| PROVIDED RECORDS |
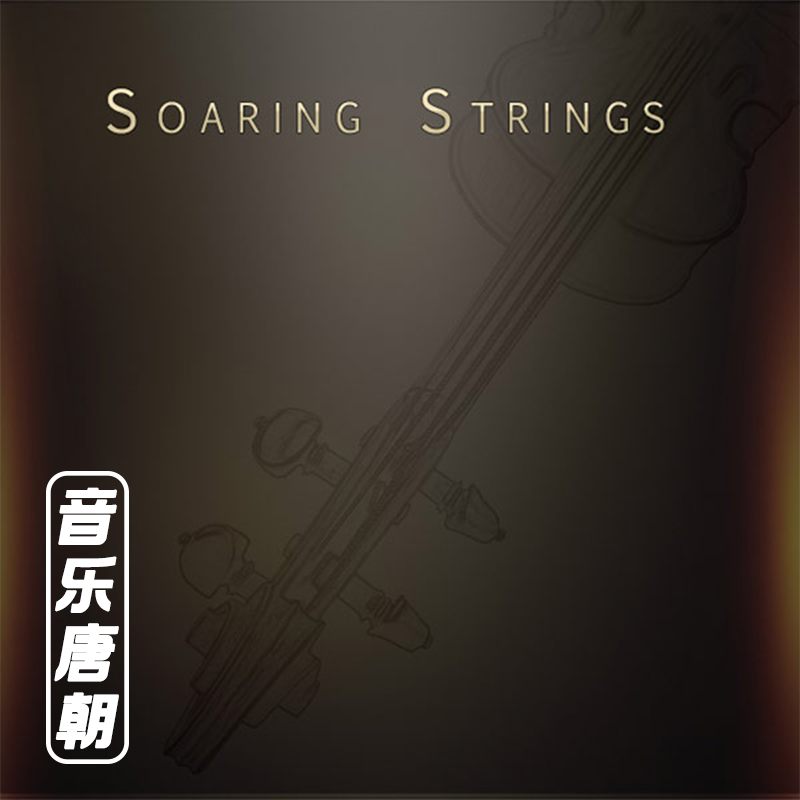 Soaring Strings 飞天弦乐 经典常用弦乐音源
* * *
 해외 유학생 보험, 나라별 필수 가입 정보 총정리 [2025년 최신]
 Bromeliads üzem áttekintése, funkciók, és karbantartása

| EXERCISE |
Write down, word for word, the lines above from the one containing "해외 유학생 보험, 나라별 필수 가입 정보 총정리 [2025년 최신]" through the one containing "Bromeliads üzem áttekintése, funkciók, és", both ends included.

| OUTPUT FOR THIS EXERCISE |
 해외 유학생 보험, 나라별 필수 가입 정보 총정리 [2025년 최신]
 Bromeliads üzem áttekintése, funkciók, és karbantartása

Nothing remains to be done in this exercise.